Yoka Verdoner, a child survivor of the Holocaust, wrote in The Guardian on Monday that President Trump’s policy of separating children from their families at the border is just “as evil and criminal” as what happened to her after the Nazis occupied her home country of the Netherlands in 1942, making her “gnash my teeth with sadness and rage.”
“I know what they are going through. When we were children, my two siblings and I were also taken from our parents,” Verdoner wrote. “And the problems we’ve experienced since then portend the terrible things that many of these children are bound to suffer.”

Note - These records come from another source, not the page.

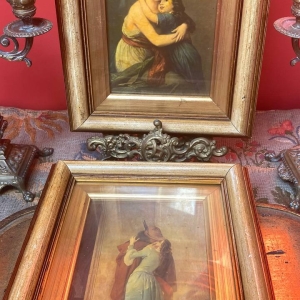 Vintage Decorative Prints: "The Kiss" and "Self-Portrait with Daughter Julie"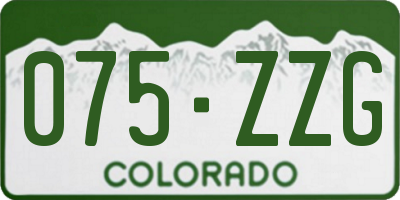 CO license plate 075ZZG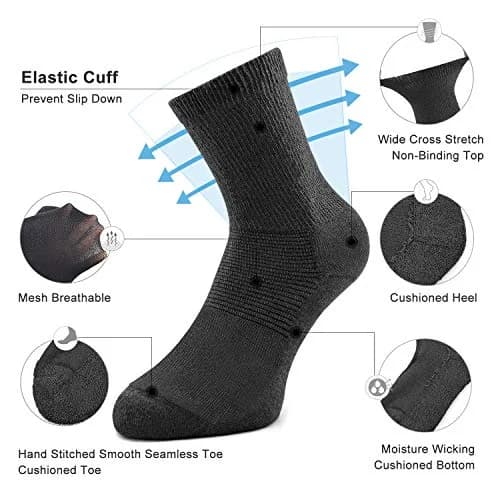 Busy Socks Non Binding Top Cushioned Crew Diabetic Socks | Wide Fit, Moisture Wicking, XL thumbnail 2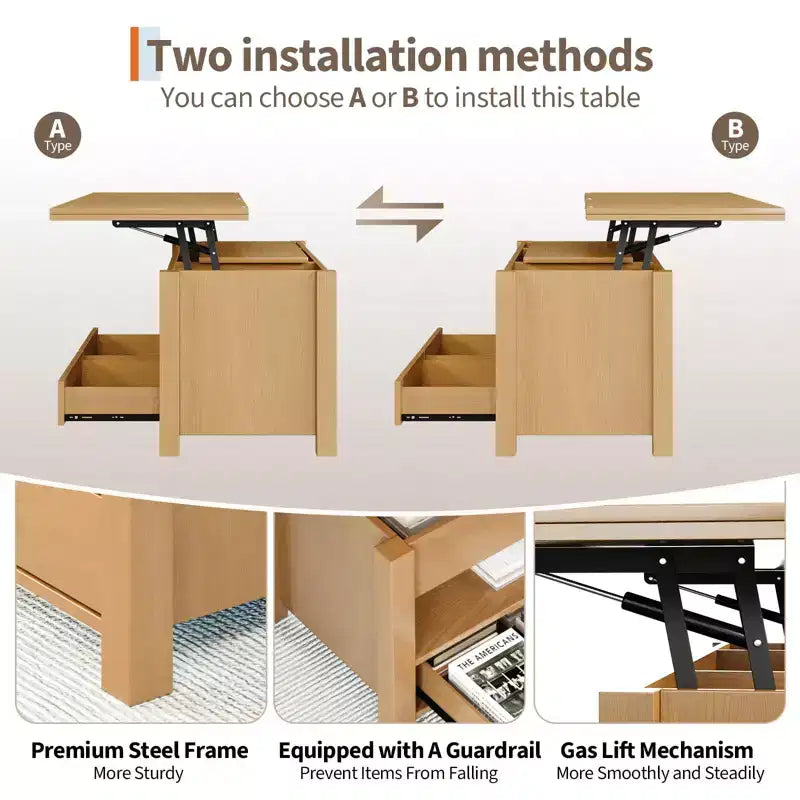 4 in 1 Convertible Lift Top Coffee Table with Storage for Living Room - 40 Storage Coffee Tables with 2 Drawers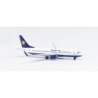 Model samolotu Varig Boeing 737-800, skala 1:500, HERPA. Biały kadłub z niebieskim ogonem i logo.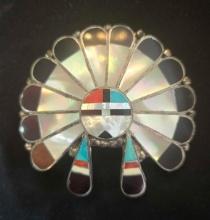 Sterling Silver and turquoise nlaid round Zuni made buckle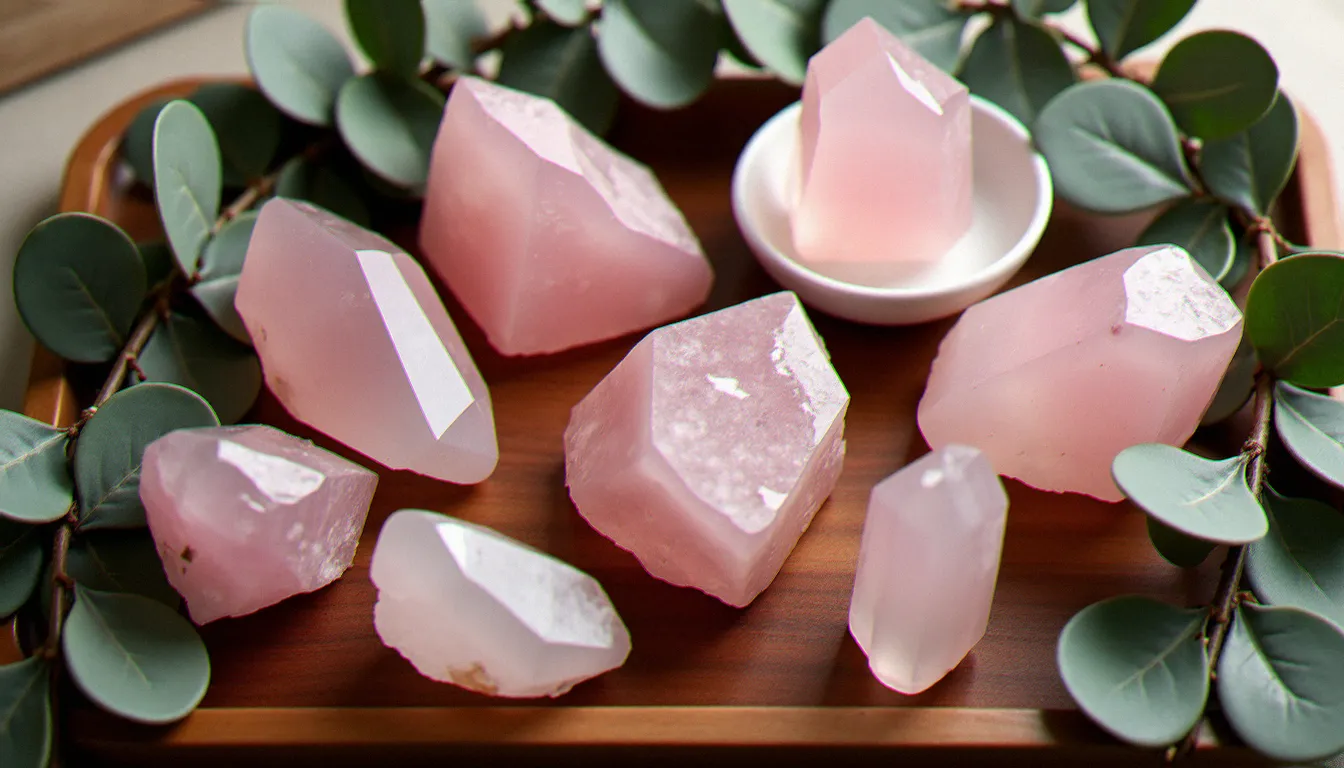 Cristaux bruts de quartz rose en différentes tailles présentés sur un plateau en bois avec de l'eucalyptus séché, vue du dessus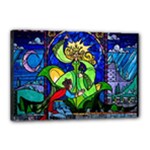 Beauty And The Beast Stained Glass Rose Canvas 18  x 12  (Stretched)
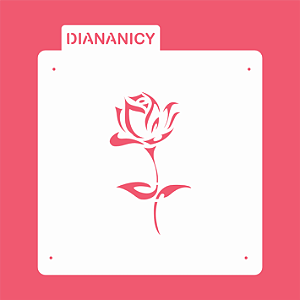 Estêncil Diananicy Nº 217 - Stencil Botão Rosa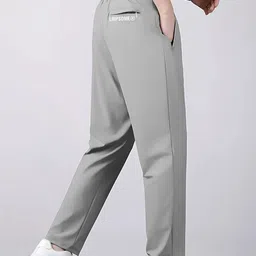 lripsome Men Solid Grey Track Pants image 3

Verdoner said her family separation had incredibly harmful effects on both her and her siblings, including “lifelong, profound depression.”
“My younger sister was separated from our parents at five,” Verdoner wrote. “She had no understanding of what was going on and why she suddenly had to live with a strange set of adults. She suffered thereafter from lifelong, profound depression.”
“In later life, I was never able to really settle down. I lived in different countries and was successful in work, but never able to form lasting relationships with partners. I never married. I almost forgot to mention my own anxiety and depression, and my many years in psychotherapy.”
The Hill added:
Verdoner concluded her essay by writing that what is happening in the U.S. is just as “evil and criminal” as what happened to her in Nazi Europe, and that it needs to end immediately.
Verdoner’s comparison comes as many Democratic and Republican lawmakers voice outrage over Trump’s policy that separates families at the border. Democrats note that the president can end the policy on his own, but Trump has defended it, saying he doesn’t want the U.S. to turn into a migrant camp.